An Environmentally Responsible Approach to Regional Water Supply Agreements
Following an agreement by the Great Lakes governors in December 2005, the Great Lakes'st. Lawrence River Basin Water Resources Compact was passed by the legislatures of the eight Great Lakes states and ratified in 2008 by Congress. This historic agreement protects the resources of the Great Lakes, which contain 20 percent of the world’s fresh surface water. The Compact generally prohibits diversions of water beyond the surface divide that defines the Great Lakes basin, but makes exceptions for communities in counties that straddle the divide. In southeastern Wisconsin, that divide is very close to Lake Michigan.
Waukesha is less than 20 miles from the lake, just outside the surface divide but within a straddling county. That makes the city eligible for Lake Michigan water under certain strict conditions, including water conservation, the return of the water it uses to the lake, and the permission of the eight Great Lakes governors. Waukesha will likely be the first city to apply to the Great Lakes governors for lake water. My intention is for our application to set a high bar for any city in straddling counties that would apply for water. My hope is that Waukesha’s application will prove that the new Compact works, protecting the Great Lakes while meeting the legitimate water needs of nearby communities.
According to expert studies and a new regional water supply study, the best environmental option for Waukesha to augment its water supply is to access Lake Michigan water. Lake Michigan water, unlike groundwater, can be recycled back to its source. Waukesha has developed an innovative proposal to return water to Lake Michigan by using a tributary river instead of a pipe. Thus, the city would create a positive new precedent of using wastewater as a resource to improve regional surface waters.
River experts confirm that the tributaries, their fish and other aquatic life would benefit from the increased flow of water, especially during the driest parts of the year. The city’s very high quality of wastewater treatment meets all state water quality standards and is superior to that of lakeside communities.
According to the U.S. Geological Survey, if communities in southeastern Wisconsin end their use of the deep aquifer, it will recover 50 percent in seven years and 90 percent in 70 years. In addition, a switch to lake water would allow users to stop or reduce their use of water softeners, reducing the amount of salt that ends up in the discharge into our surface waters. Energy use would also be reduced as the city turned off pumps that bring up water from up to 2,000 feet underground.
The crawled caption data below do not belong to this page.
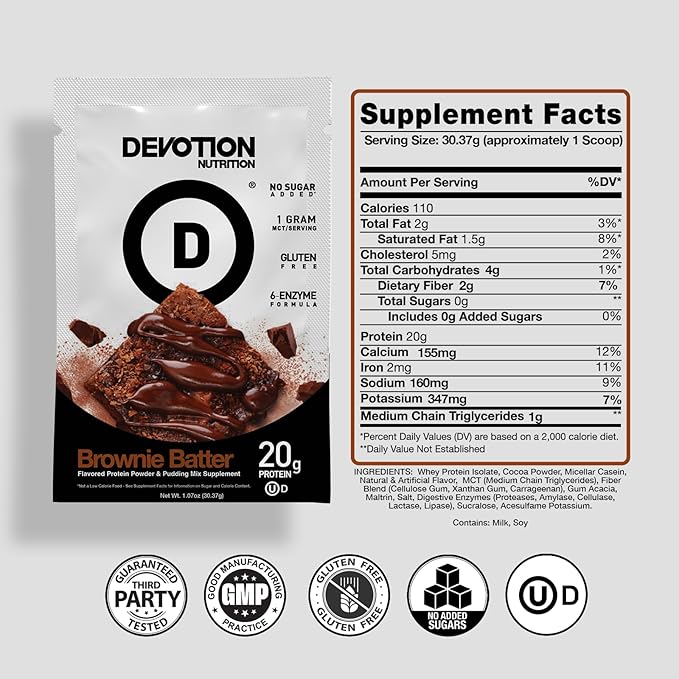 Devotion Nutrition Brownie Batter Protein Powder for Shakes Baking Brownies Desserts – 20g Whey Isolate &amp Casein Blend – No Added Sugar Low Carb Gluten-Free Keto-Friendly with MCT – 12 Packe
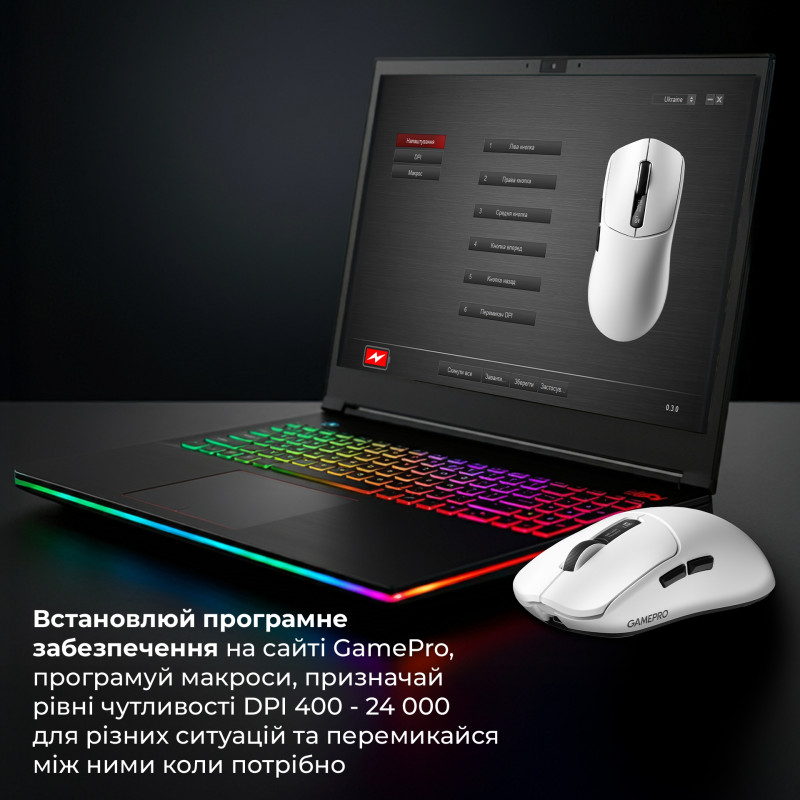 Мишка GamePro Genesis Ranker Wireless/Bluetooth/USB-C White (GM012W)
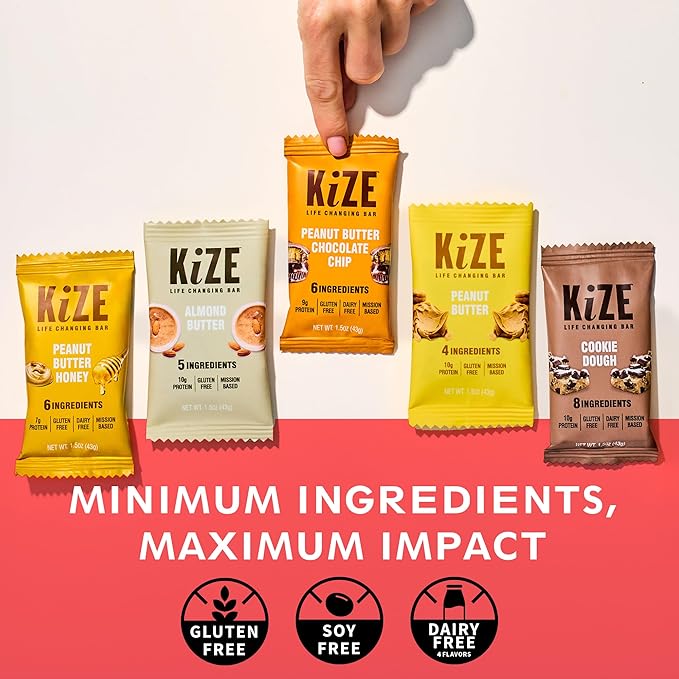 KiZE Energy Bars - Gluten Free, Dairy Free, Non-GMO, and High Protein Meal Replacement Energy Bars, Clean and Simple Food Ingredients - Best Sellers Variety Pack, 7-10g High Protein Snacks, (30 Count)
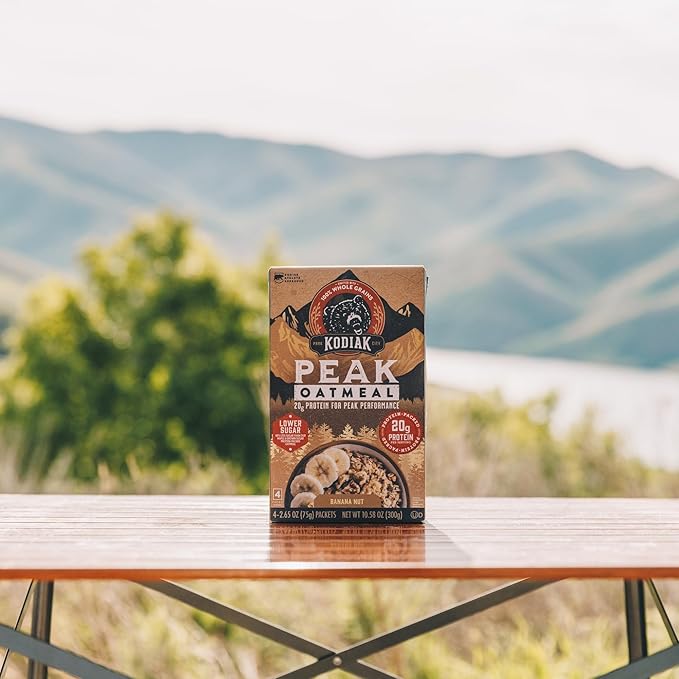 Kodiak Cakes Peak Instant Oatmeal Packets, Banana Nut, High Protein,100% Whole Grains, 6 box with 4 packets each (Total of 24 packets)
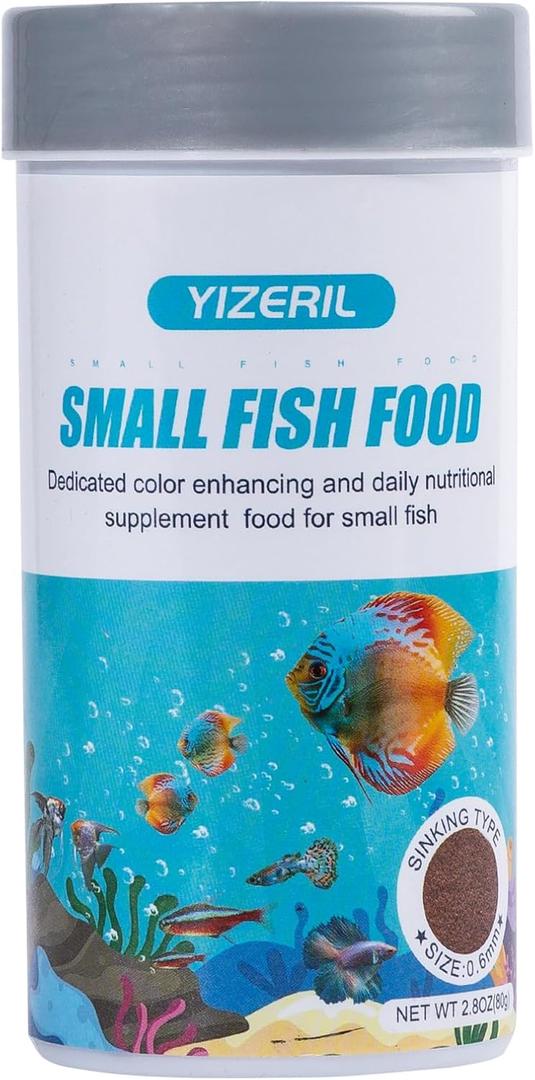 Small Fish Food Pellets - Sinking Micro Granules,High Protein Color Enhancer for Betta,Guppies,Tetras & Tropical Fish(2.8oz)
Waukesha’s application for Great Lakes water would allow recovery of the deep aquifer. Our landmark proposal to use return flow water as a resource would improve the environment for the region. Our water conservation efforts have created a new standard for utilities in the Great Lakes states. And Waukesha’s commitment to recycle water back to Lake Michigan after use would protect our water resources and prove that the Great Lakes Compact will work in meeting reasonable state needs for water while protecting Lake Michigan from any harm.